The “hone” form of “home in on” accounted for one in six uses in the British press over the past year, so it is common but not yet standard. While accepting that language changes and that some eggcorns become accepted usage, we should avoid it for as long as a lot of readers think it is wrong.

Showing off: In a comment article we said that the lockdown guidelines in Australia “were flaunted from the outset”. We meant “flouted”. Flaunt means show off; flout means disregard with attitude. There is an overlap in meaning, which accounts for the confusion, but the words are different. Thanks to John Schluter for pointing that out.

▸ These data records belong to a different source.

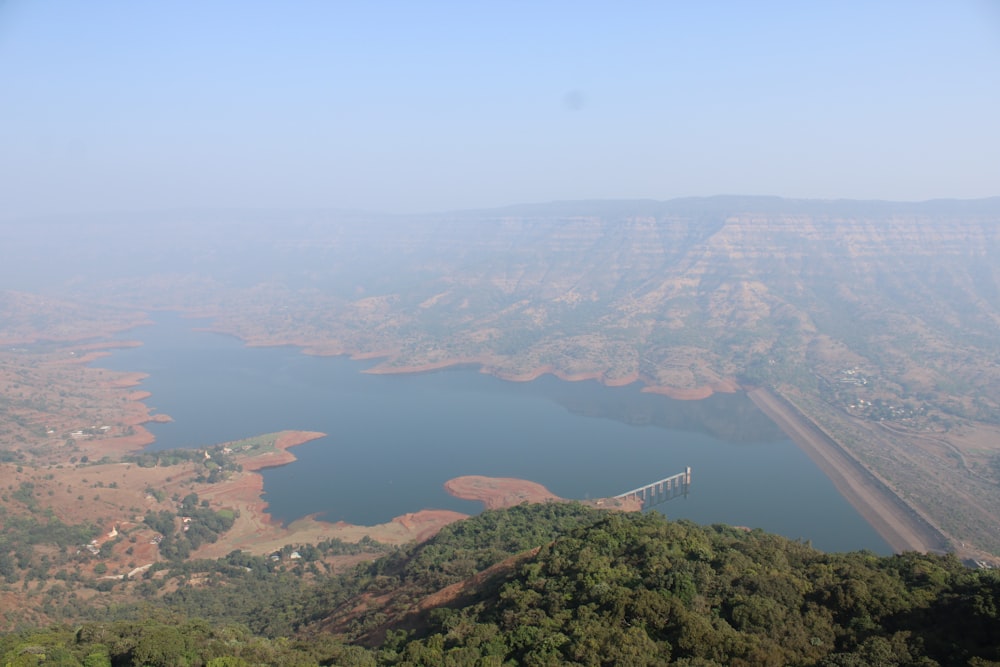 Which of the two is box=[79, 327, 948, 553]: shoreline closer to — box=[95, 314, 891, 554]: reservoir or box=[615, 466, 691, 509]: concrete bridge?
box=[95, 314, 891, 554]: reservoir

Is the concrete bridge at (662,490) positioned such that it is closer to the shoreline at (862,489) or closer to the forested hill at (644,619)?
the shoreline at (862,489)

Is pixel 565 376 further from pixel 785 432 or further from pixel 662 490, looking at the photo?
pixel 662 490

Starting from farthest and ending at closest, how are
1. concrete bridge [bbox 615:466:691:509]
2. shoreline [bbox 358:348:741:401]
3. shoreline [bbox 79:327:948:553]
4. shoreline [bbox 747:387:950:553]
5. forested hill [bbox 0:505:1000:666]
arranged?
→ shoreline [bbox 358:348:741:401] < concrete bridge [bbox 615:466:691:509] < shoreline [bbox 79:327:948:553] < shoreline [bbox 747:387:950:553] < forested hill [bbox 0:505:1000:666]

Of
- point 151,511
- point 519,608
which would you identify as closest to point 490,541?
point 519,608

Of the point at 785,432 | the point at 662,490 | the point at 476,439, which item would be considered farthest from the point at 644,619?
the point at 785,432

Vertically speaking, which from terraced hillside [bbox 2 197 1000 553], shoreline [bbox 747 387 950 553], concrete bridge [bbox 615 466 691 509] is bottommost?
concrete bridge [bbox 615 466 691 509]

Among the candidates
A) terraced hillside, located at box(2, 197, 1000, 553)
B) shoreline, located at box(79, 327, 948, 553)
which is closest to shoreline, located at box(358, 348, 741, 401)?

Who let them out? John also drew my attention to the first paragraph of a comment article in which we said Donald Trump had “sicced the US military on his own citizens”. I wrote last week about how Americanisms liven up British English, and the sense here is just about discernible, but I think “sicced” is a slang phrase too far. The internet tells me it means “set (a dog) on”, with variant spellings. “Set” would have been fine.

Ongoing campaign: We put this headline on a thoughtful article by Hamish McRae, our economics commentator: “The ongoing US protests will affect the world in more ways than you might think.” The word “ongoing” adds nothing, and did not appear in the article itself. We would need to specify which protests only if the article was about the Boston Tea Party or the march on the Selma bridge.

Senior moment: In the “home news in brief” section of the Daily Edition, we had this headline: “OAP dies after rocks thrown as he ‘confronted poachers’.” Fiona Glass rightly objected to the use of an abbreviation (for “old age pensioner”), not only because it is ugly, or because it must baffle our North American readers, who would call him a “senior”, but because it is rather impersonal. We could just have described 66-year-old Charles Hilder as a “man”.